The food distraction is a winner in this household. If PB is a problem, try some soft cheese or maybe mashed sweet potatoes or bananas. I try to stick the blob on the roof of Nugget's mouth so that he has to lick, lick, lick to get it all. 

If all else fails, perhaps a frozen Kong would be enough of a distraction to get the job done. I can't believe that the groomer doesn't charge double when she sees Nugget come in.


----------



## MikaTallulah (Jul 19, 2006)

Mine get brushed everyday but often it is only parts for Buddy. He is still getting used to brushing. 10-15 minutes but he will let me brush every place. I keep it short and sweet with him. No food required.

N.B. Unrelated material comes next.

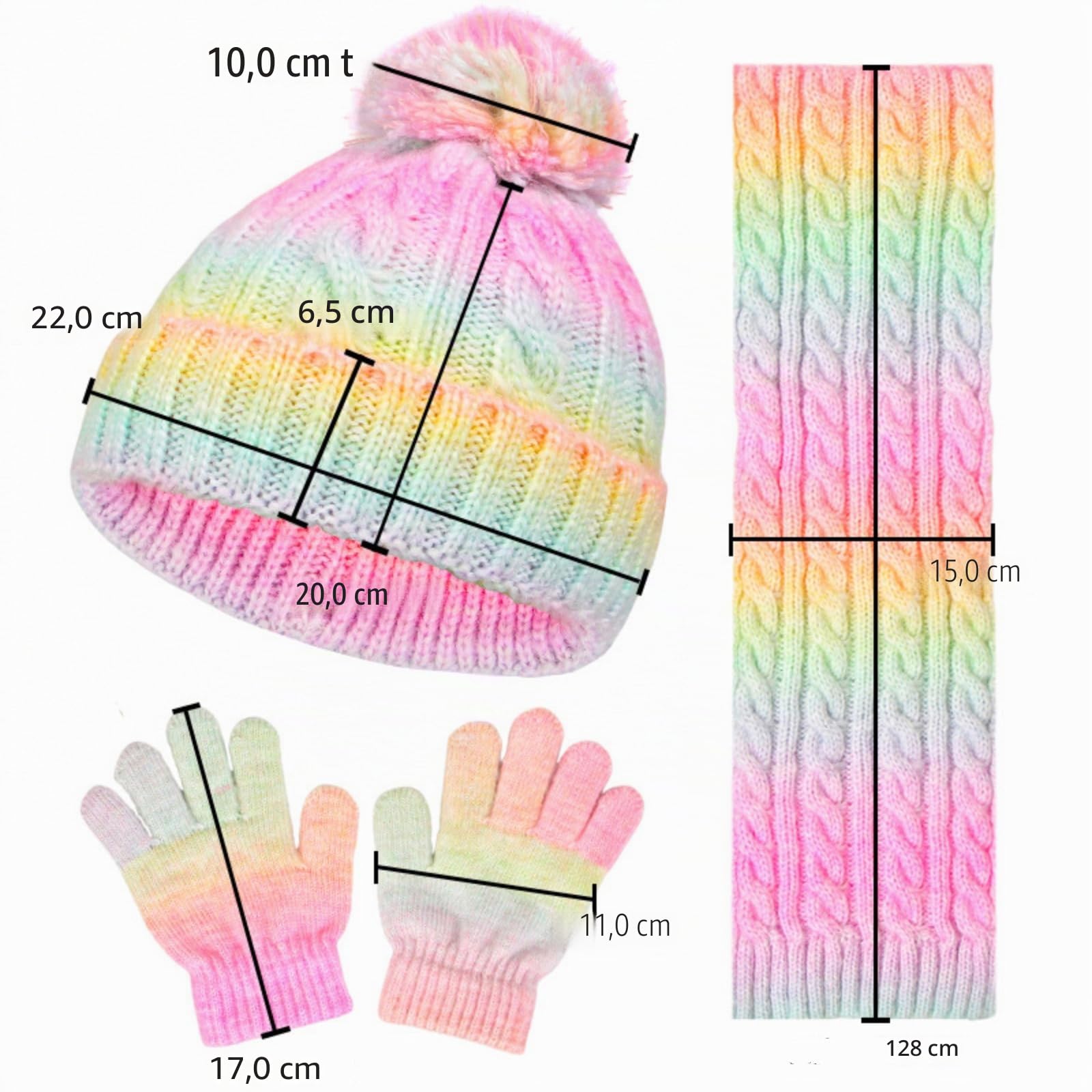 Kunyeah Set berretto, sciarpa e guanti per bambini Guanti lavorati a maglia Cappellino foderato in pile Scaldacollo per bambini e bambine dai 3 ai 10 anni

The yorkies are not happy but will stay to be combed and brushed. I have brushed them daily since they were practically born for Zoey, Lucy, and Roxy.


----------



## Jige (Mar 17, 2011)

BaWaaJige gets a little silly when I brush at the beginning but once I get down to business he just lays there. He like the brush except when he has burrs and he gets alot of those. I usually just use my fingers to work them out of his hair.


----------



## wmag (Mar 17, 2011)

I smear peanut butter on the fridge and brush while she licks it off. Most days I don't have to do that anymore but sometimes Kasey is in a mood and will not sit still!


----------